Task details
A faithful copy is needed of the lines below from the one with "피콜리노스 테크니컬 컴포트" up to and including the one with "Techsuit - ColorVerse"; set it down with no pictures and no other lines.

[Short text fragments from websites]
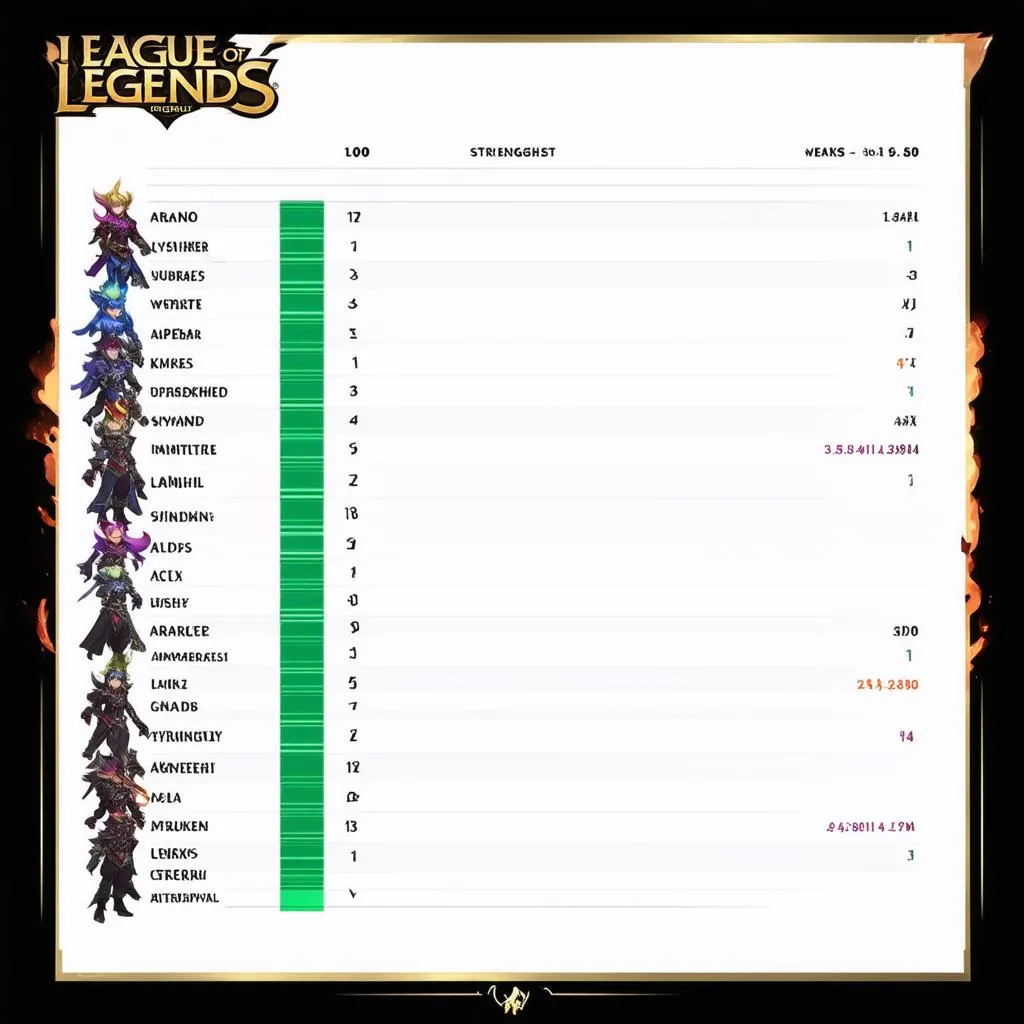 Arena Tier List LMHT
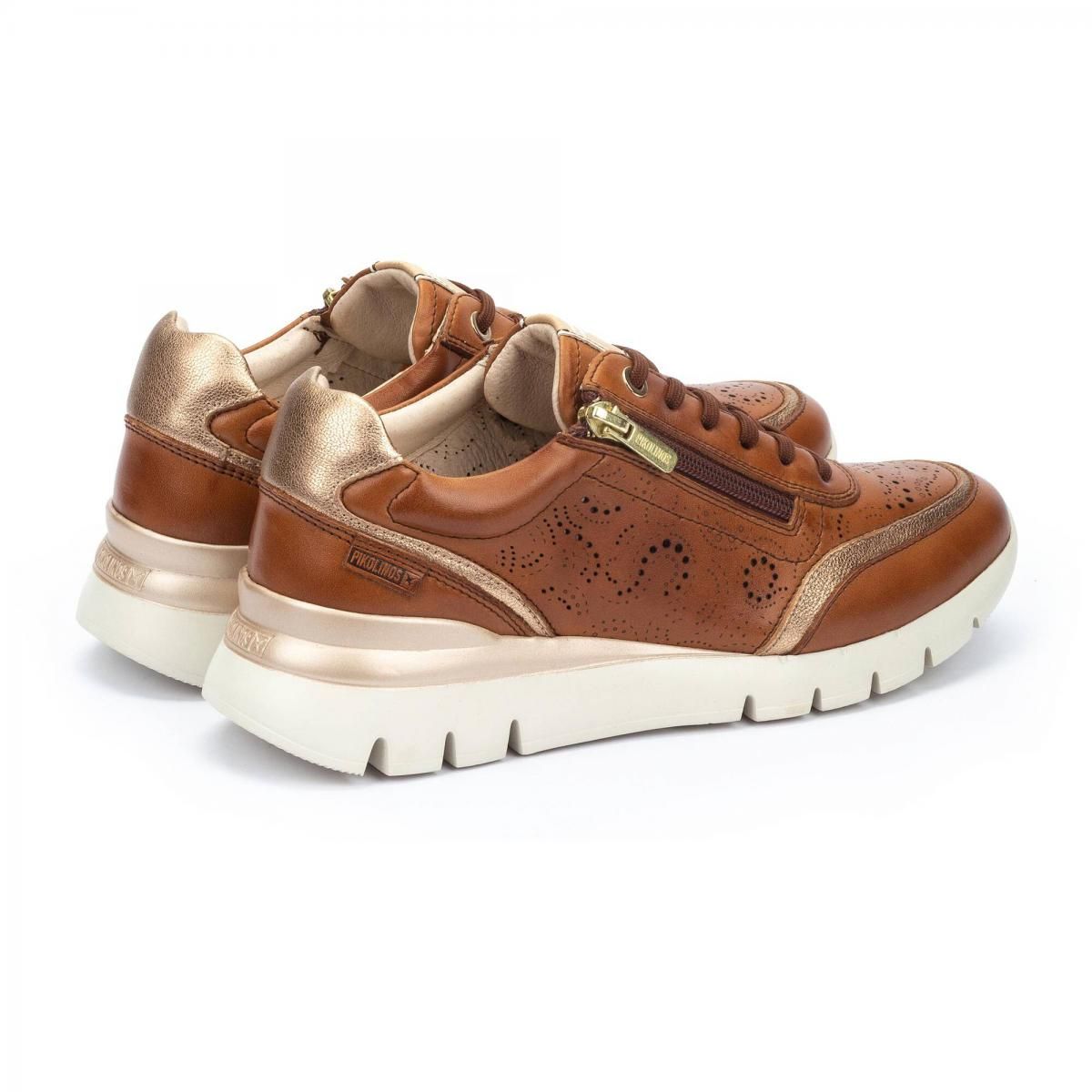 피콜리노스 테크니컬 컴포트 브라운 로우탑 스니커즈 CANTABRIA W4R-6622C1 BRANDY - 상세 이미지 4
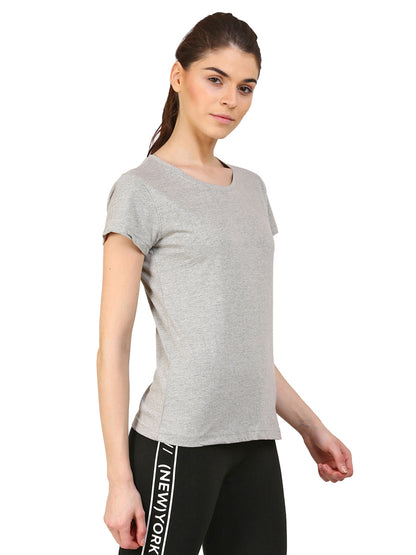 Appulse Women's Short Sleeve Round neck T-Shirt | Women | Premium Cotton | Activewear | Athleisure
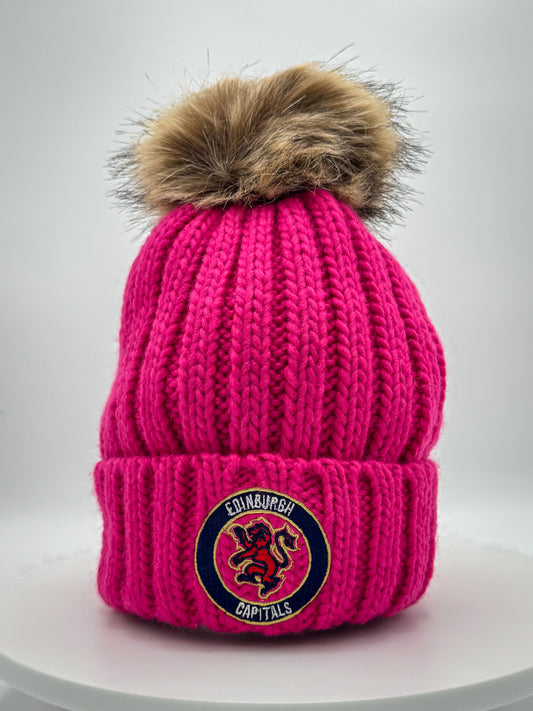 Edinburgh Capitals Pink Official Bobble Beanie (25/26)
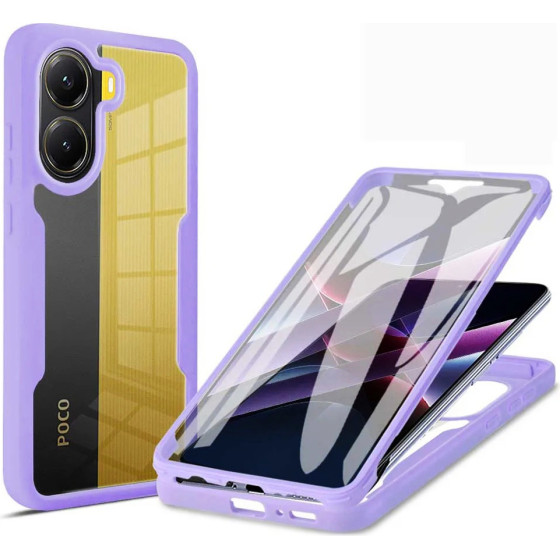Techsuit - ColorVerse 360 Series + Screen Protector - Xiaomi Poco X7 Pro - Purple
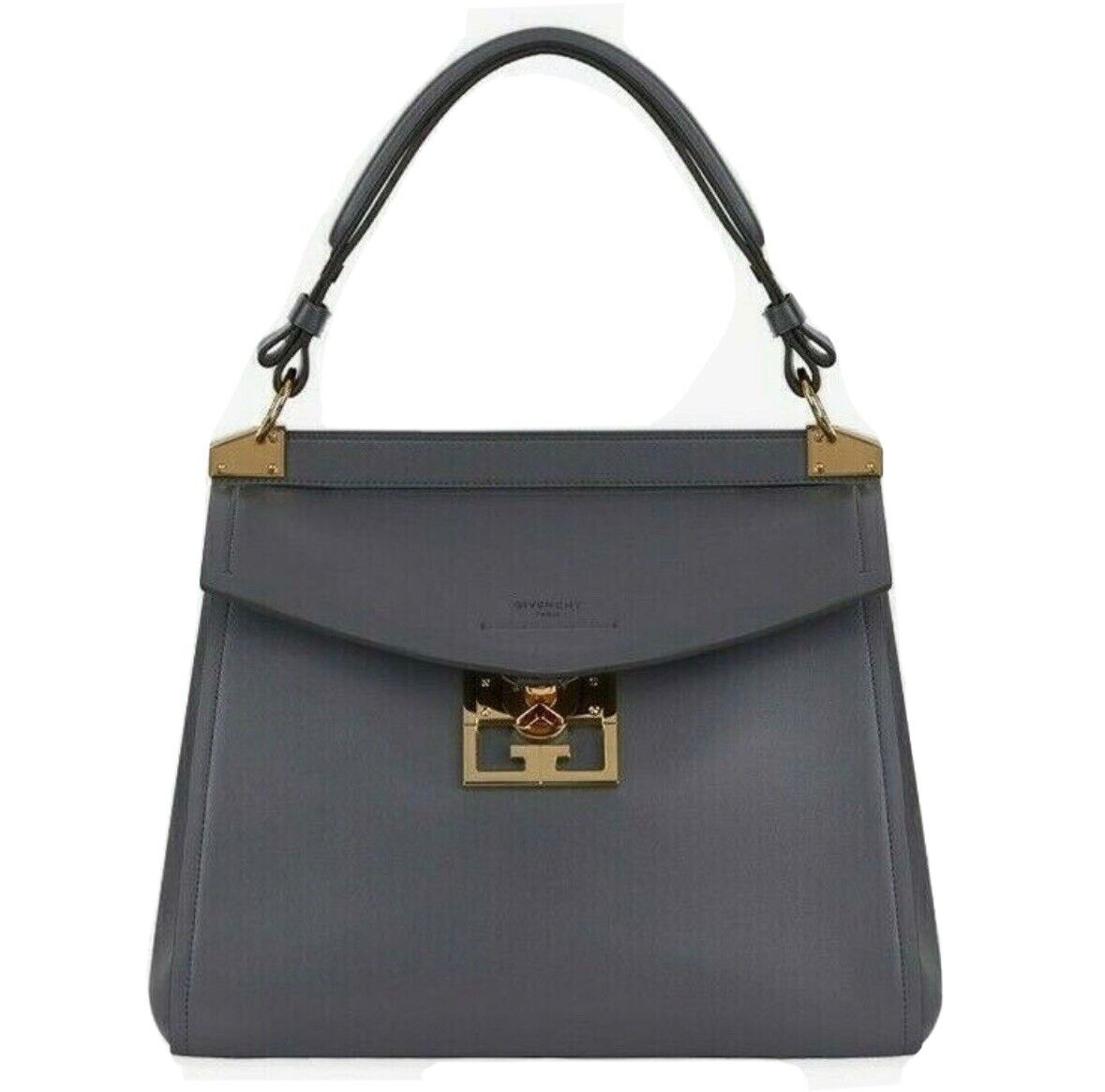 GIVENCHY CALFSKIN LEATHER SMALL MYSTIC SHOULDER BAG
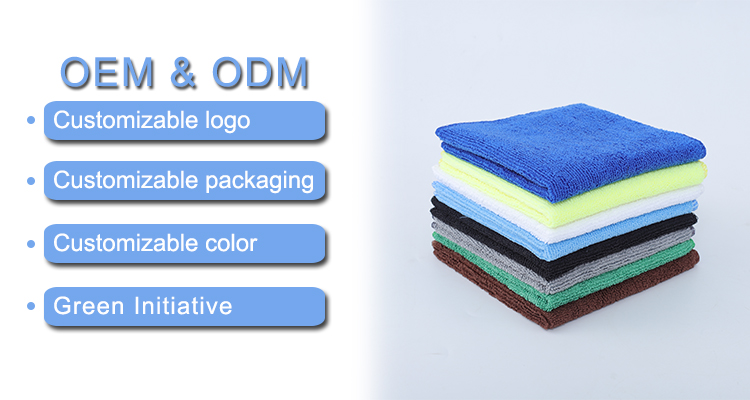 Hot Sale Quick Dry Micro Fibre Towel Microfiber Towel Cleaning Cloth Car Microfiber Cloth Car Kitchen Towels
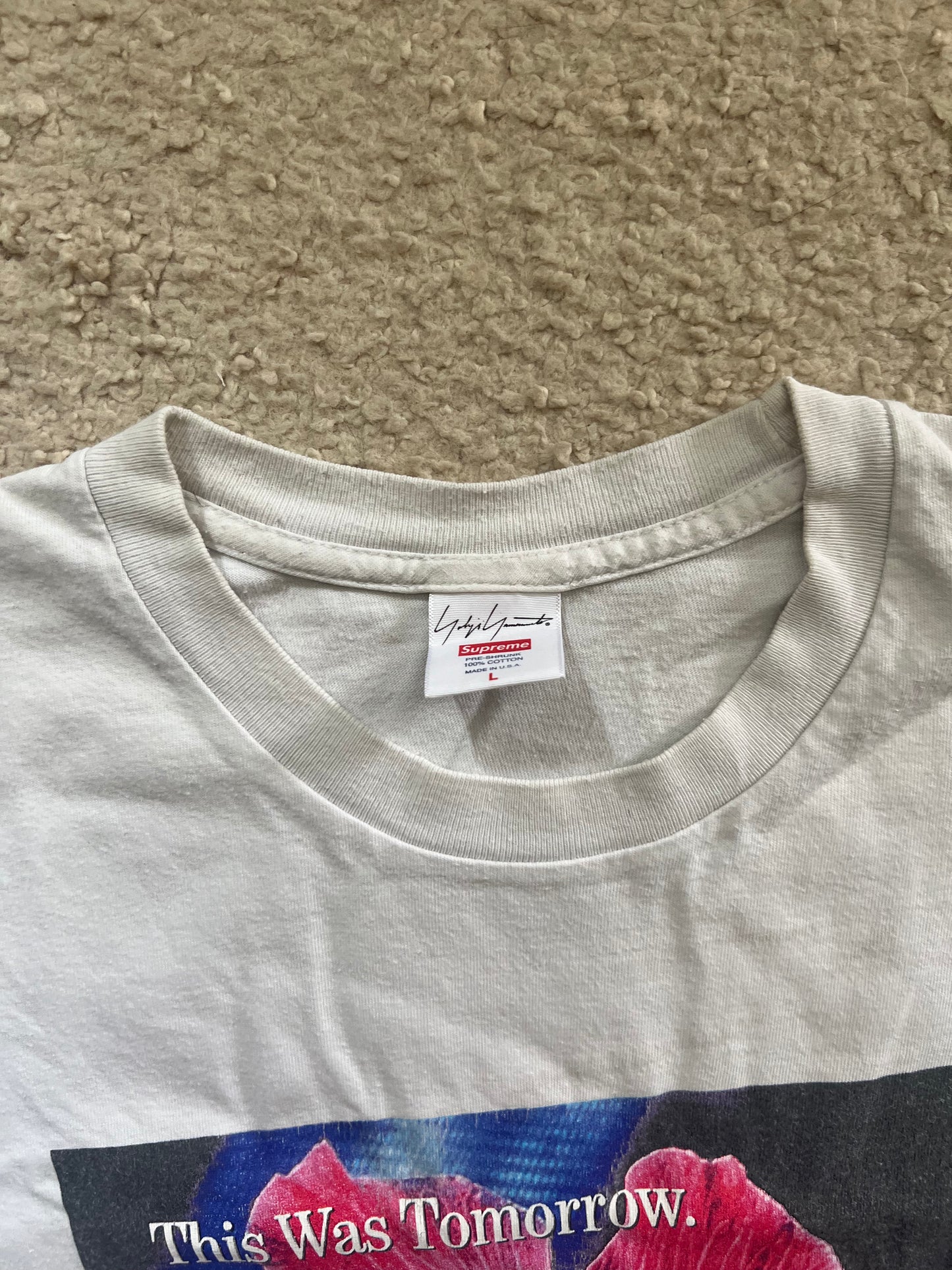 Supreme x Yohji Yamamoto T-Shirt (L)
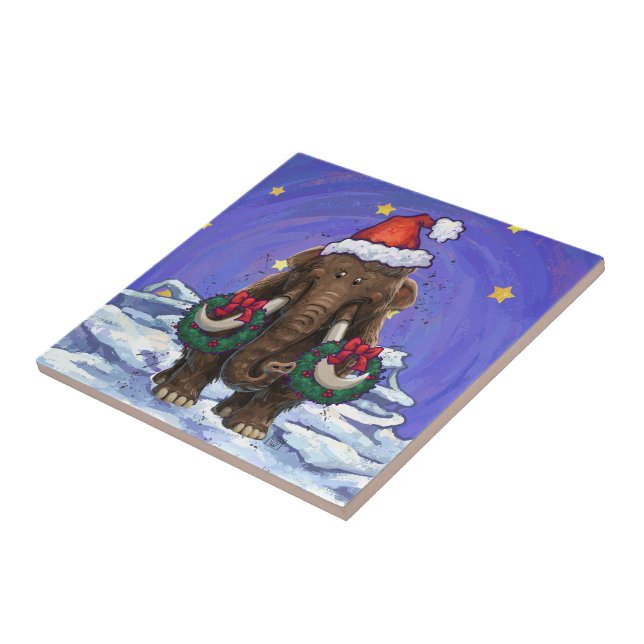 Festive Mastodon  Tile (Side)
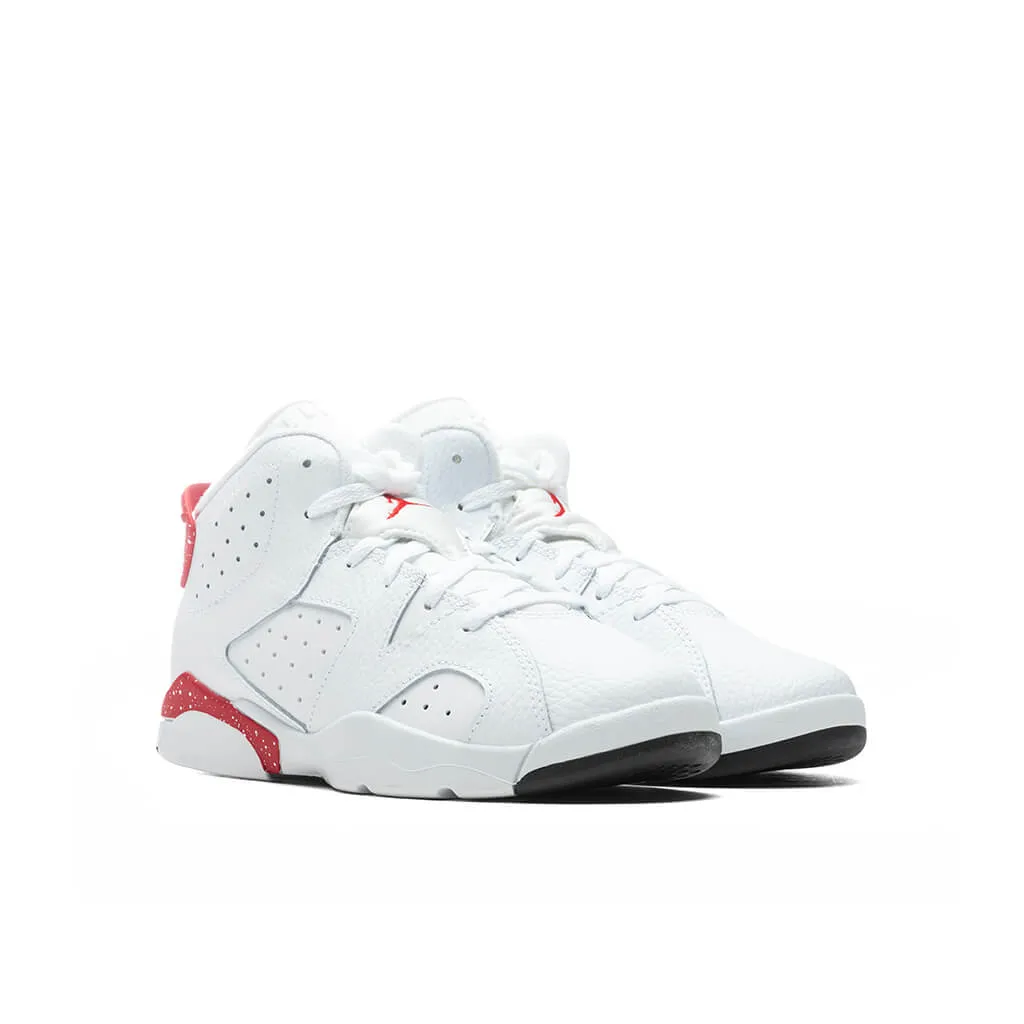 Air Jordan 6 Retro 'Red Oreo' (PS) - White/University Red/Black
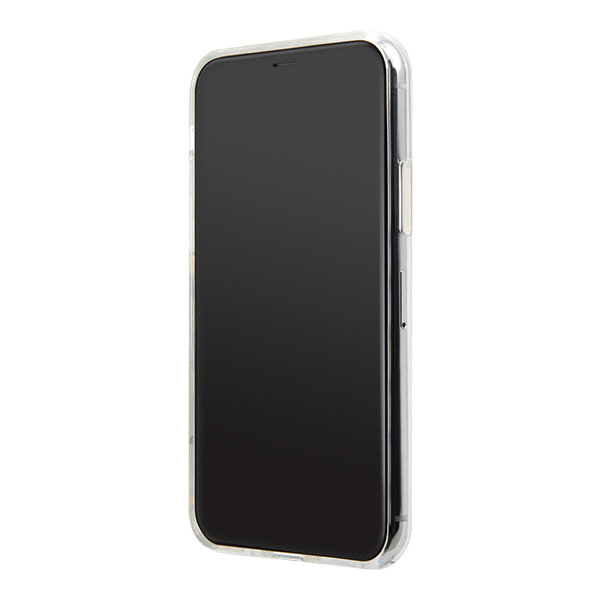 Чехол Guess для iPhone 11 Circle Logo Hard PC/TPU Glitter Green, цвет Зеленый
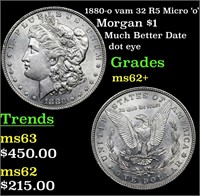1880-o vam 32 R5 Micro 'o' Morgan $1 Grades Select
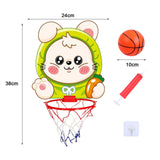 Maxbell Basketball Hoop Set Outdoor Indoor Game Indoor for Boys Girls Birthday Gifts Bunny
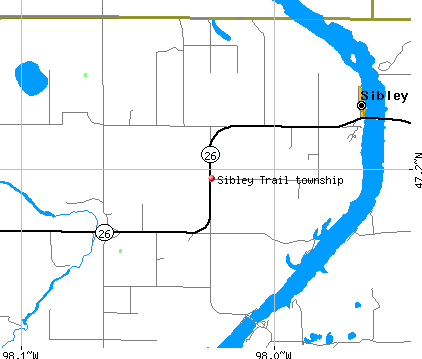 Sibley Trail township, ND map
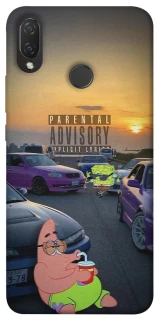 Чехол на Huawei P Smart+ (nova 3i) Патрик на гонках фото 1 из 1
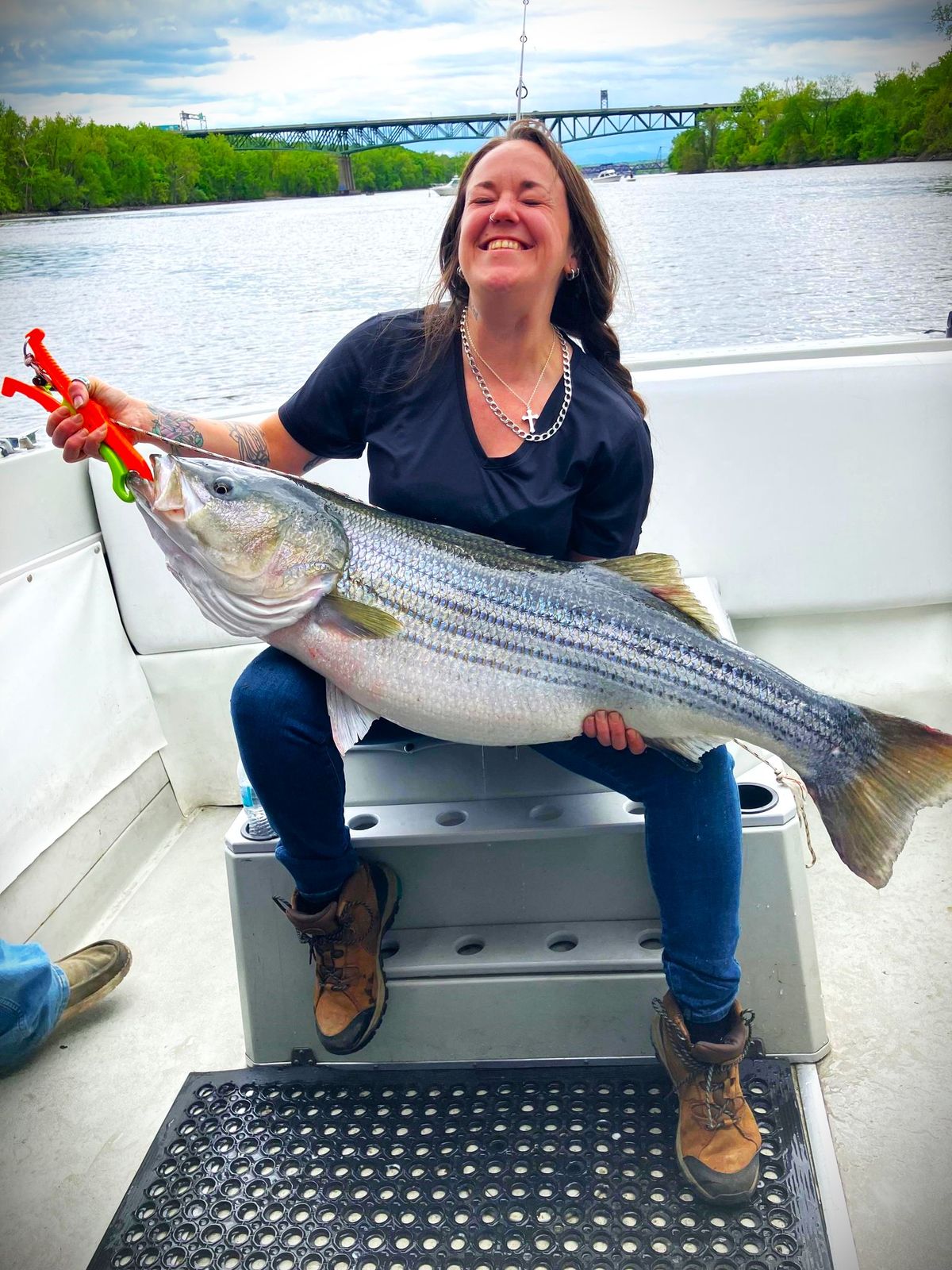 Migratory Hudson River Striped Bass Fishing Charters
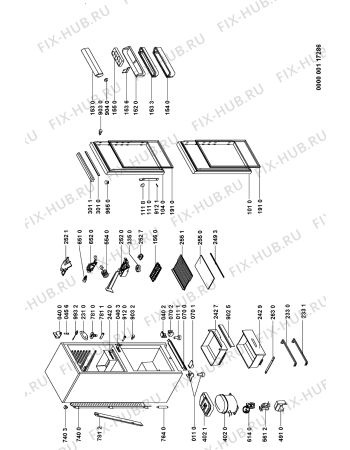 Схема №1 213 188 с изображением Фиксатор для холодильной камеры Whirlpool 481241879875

Answer box
 피콜리노스 테크니컬 컴포트 브라운 로우탑 스니커즈 CANTABRIA W4R-6622C1 BRANDY - 상세 이미지 4
 Appulse Women's Short Sleeve Round neck T-Shirt | Women | Premium Cotton | Activewear | Athleisure
 Edinburgh Capitals Pink Official Bobble Beanie (25/26)
Techsuit - ColorVerse 360 Series + Screen Protector - Xiaomi Poco X7 Pro - Purple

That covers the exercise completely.